Records drawn from a dataset –
☆ ☆ ☆ ☆ ☆ ☆ ☆

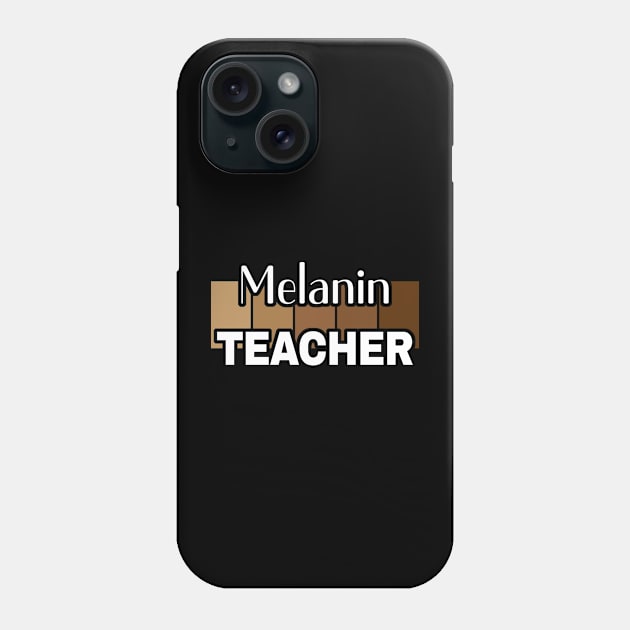 Melanin Teacher Life Afro Teacher African American Educate Phone Case by Sandra Holloman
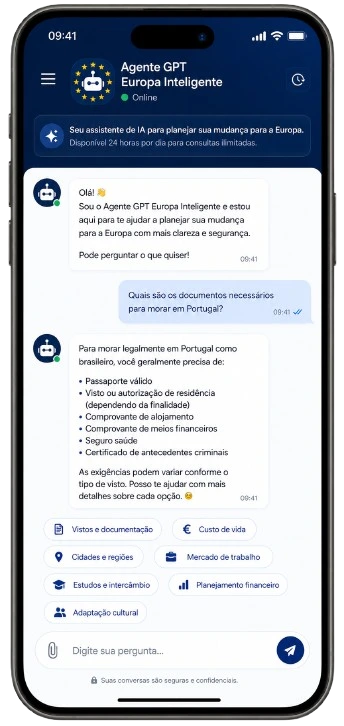Agente GPT Europa Inteligente no celular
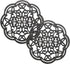 Yopay 2 Pack Heavy Duty Cast Iron Trivet, 7.7 inch Round Metal Holders for Hot Pans, Rustproof with Rubber Pegs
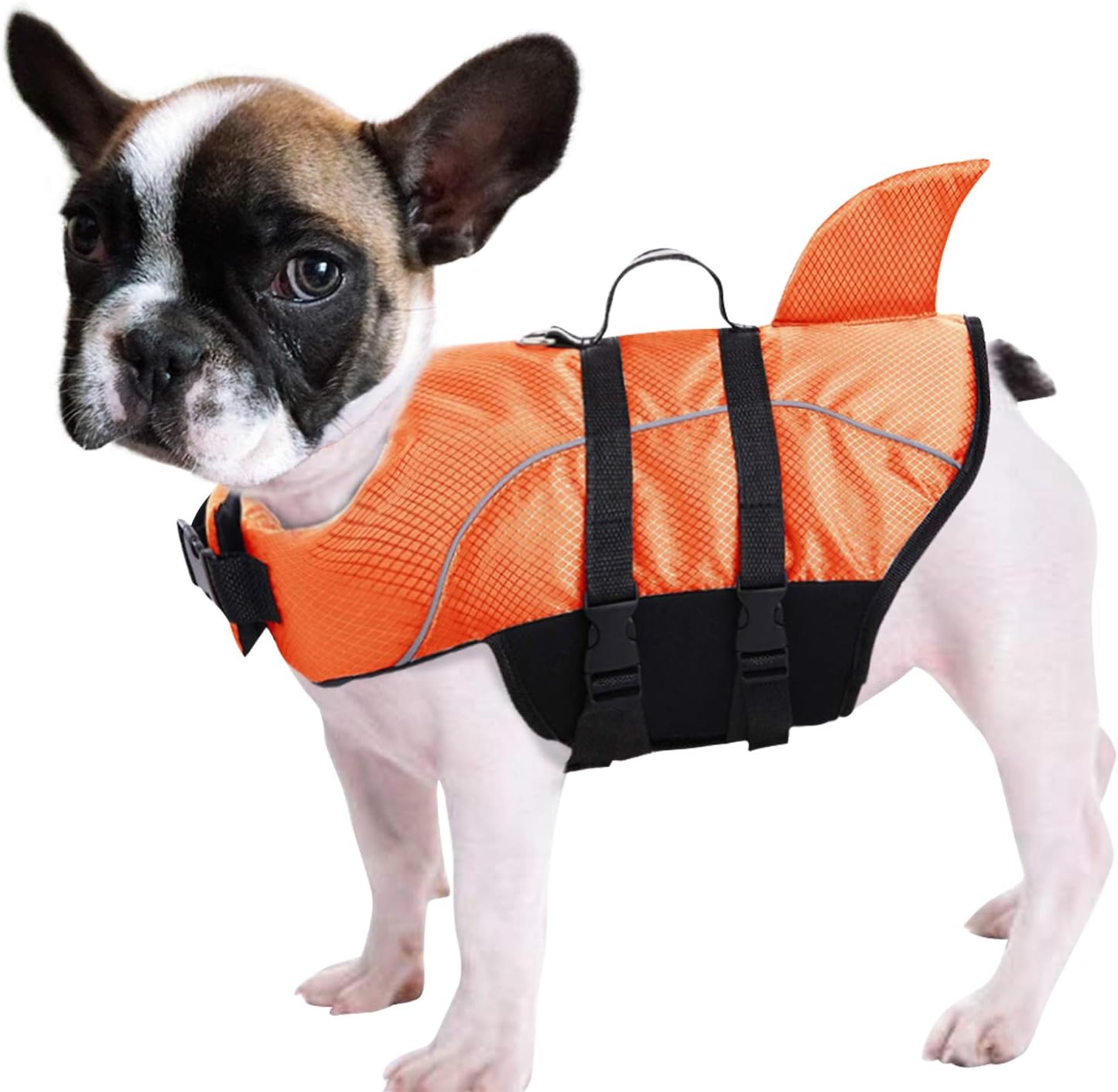 Detalle de Queenmore Ripstop Dog Life Jacket Shark Style (Orange, XS) for Small & Medium Breeds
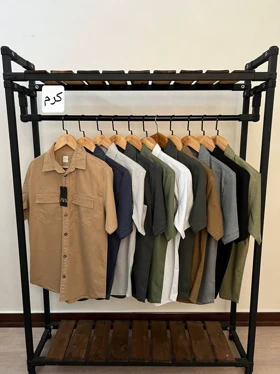 پیراهن کتان آستین کوتاه جیبدار 2398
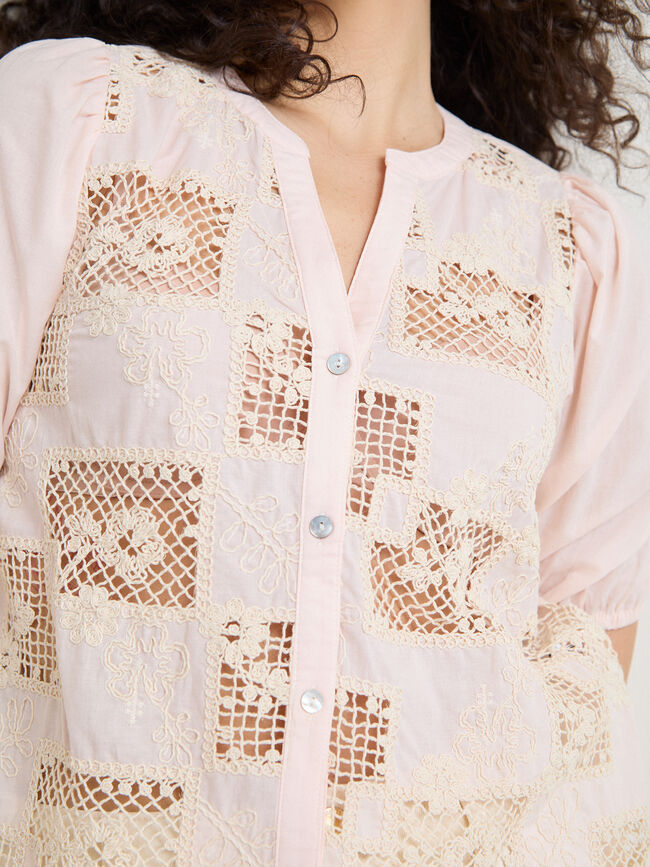 blusa bordada Rosa Perla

☆ ☆ ☆ ☆ ☆ ☆ ☆

Restate each record from above word for word, excluding any picture it holds.

 Melanin Teacher Life Afro Teacher African American Educate Phone Case by Sandra Holloman
Agente GPT Europa Inteligente no celular
 Yopay 2 Pack Heavy Duty Cast Iron Trivet, 7.7 inch Round Metal Holders for Hot Pans, Rustproof with Rubber Pegs
 Detalle de Queenmore Ripstop Dog Life Jacket Shark Style (Orange, XS) for Small & Medium Breeds
 پیراهن کتان آستین کوتاه جیبدار 2398
 blusa bordada Rosa Perla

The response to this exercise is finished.